Caption-style text data
-*-*-
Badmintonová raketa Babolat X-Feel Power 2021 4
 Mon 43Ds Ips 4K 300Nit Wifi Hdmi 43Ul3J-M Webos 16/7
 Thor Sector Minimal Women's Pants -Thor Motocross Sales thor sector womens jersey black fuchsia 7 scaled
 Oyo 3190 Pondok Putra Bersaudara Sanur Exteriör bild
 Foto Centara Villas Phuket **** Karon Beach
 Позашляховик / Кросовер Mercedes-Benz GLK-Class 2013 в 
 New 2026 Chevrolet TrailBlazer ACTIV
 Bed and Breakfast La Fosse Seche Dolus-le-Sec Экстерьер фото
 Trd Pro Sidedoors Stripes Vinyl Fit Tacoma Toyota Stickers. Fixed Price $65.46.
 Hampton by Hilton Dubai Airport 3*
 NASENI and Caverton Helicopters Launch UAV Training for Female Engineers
-*-*-
All lines from the line holding "Bed and Breakfast" through the end of the records above need to be transcribed exactly, and no other text should appear.

 Bed and Breakfast La Fosse Seche Dolus-le-Sec Экстерьер фото
 Trd Pro Sidedoors Stripes Vinyl Fit Tacoma Toyota Stickers. Fixed Price $65.46.
 Hampton by Hilton Dubai Airport 3*
 NASENI and Caverton Helicopters Launch UAV Training for Female Engineers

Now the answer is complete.